GR L 17830; (March, 1963) (Digest)
G.R. No. L-17830; March 30, 1963
LA PAZ Y BUEN VIAJE (LA DICHA CIGAR AND CIGARETTES FACTORY), petitioner, vs. COLLECTOR OF INTERNAL REVENUE, respondent.
FACTS
Petitioner La Paz y Buen Viaje, a domestic cigarette manufacturer, produced and sold 6,033,000 “largos” (king-size) cigarettes from September 1949 to September 1950 at a uniform wholesale price of P7.60 per thousand. With the approval of a revenue agent, it paid a specific tax of P4.00 per thousand by affixing revenue stamps. Subsequently, the Collector of Internal Revenue determined through investigation that the correct specific tax for these cigarettes was P6.00 per thousand, not P4.00. Consequently, a deficiency tax assessment of P12,066.00 (P2.00 per thousand) was issued against the petitioner on December 4, 1952.

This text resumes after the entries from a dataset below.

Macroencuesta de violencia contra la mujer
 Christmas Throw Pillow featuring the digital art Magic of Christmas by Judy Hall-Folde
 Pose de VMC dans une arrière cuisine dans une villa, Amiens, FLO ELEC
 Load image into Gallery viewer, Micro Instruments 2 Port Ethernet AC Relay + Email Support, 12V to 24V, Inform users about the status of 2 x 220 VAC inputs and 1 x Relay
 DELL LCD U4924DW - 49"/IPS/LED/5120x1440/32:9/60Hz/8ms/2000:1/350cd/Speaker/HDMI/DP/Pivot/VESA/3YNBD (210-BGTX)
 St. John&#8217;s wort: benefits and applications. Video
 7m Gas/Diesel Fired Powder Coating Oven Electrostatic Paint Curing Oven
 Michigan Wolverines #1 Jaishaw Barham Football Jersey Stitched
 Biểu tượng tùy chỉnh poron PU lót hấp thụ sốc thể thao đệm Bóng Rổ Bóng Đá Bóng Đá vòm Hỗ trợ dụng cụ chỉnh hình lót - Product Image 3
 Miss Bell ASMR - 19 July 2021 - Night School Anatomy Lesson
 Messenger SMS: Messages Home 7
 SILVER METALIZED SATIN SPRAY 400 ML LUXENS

Petitioner’s request for reconsideration was denied. After procedural setbacks, it paid the deficiency under protest on September 26, 1958, and later filed a claim for refund on July 20, 1959. The Collector denied the refund, prompting an appeal to the Court of Tax Appeals, which dismissed the claim. Petitioner now appeals to the Supreme Court, contending the tax was erroneously collected.
ISSUE
Whether the Court of Tax Appeals erred in holding that petitioner’s cigarettes were subject to a specific tax of P6.00 per thousand under Section 137(b)(2) of the Tax Code, as amended by Republic Act No. 419 , instead of the P4.00 minimum tax under the proviso of the same section for cigarettes over 80 millimeters in length.
RULING
The Supreme Court affirmed the decision of the Court of Tax Appeals, ruling that the correct specific tax was P6.00 per thousand. The legal logic centers on the proper application of Section 137 of the Tax Code. Petitioner argued that the proviso for cigarettes over 80mm in length, which imposes a minimum tax of P4.00 per thousand, should apply. It contended that deducting the assessed P6.00 tax from its wholesale price of P7.60 leaves P1.60, which is within the proviso’s scope for cigarettes with a net price of P3.50 or less per thousand.
The Court rejected this interpretation. It upheld the validity and application of Section 19(a) of Bureau of Internal Revenue Regulations No. 27, which mandates that the tax is assessed on the manufacturer’s wholesale price without adding the internal revenue tax. The correct computation is to deduct the specific tax from the wholesale price to determine the applicable tax bracket. Here, petitioner’s wholesale price was P7.60. Deducting the P4.00 tax it initially paid yields a net price of P3.60 per thousand. This net price falls under Section 137(b)(2), which applies when the net price is more than P3.50 but not more than P4.50 per thousand, mandating a tax of P6.00. The proviso for a P4.00 minimum tax applies only when the net price, after deducting that P4.00 tax, is P3.50 or less. Since petitioner’s net price was P3.60, the proviso was inapplicable. Thus, the deficiency assessment was correct, and no refund was due.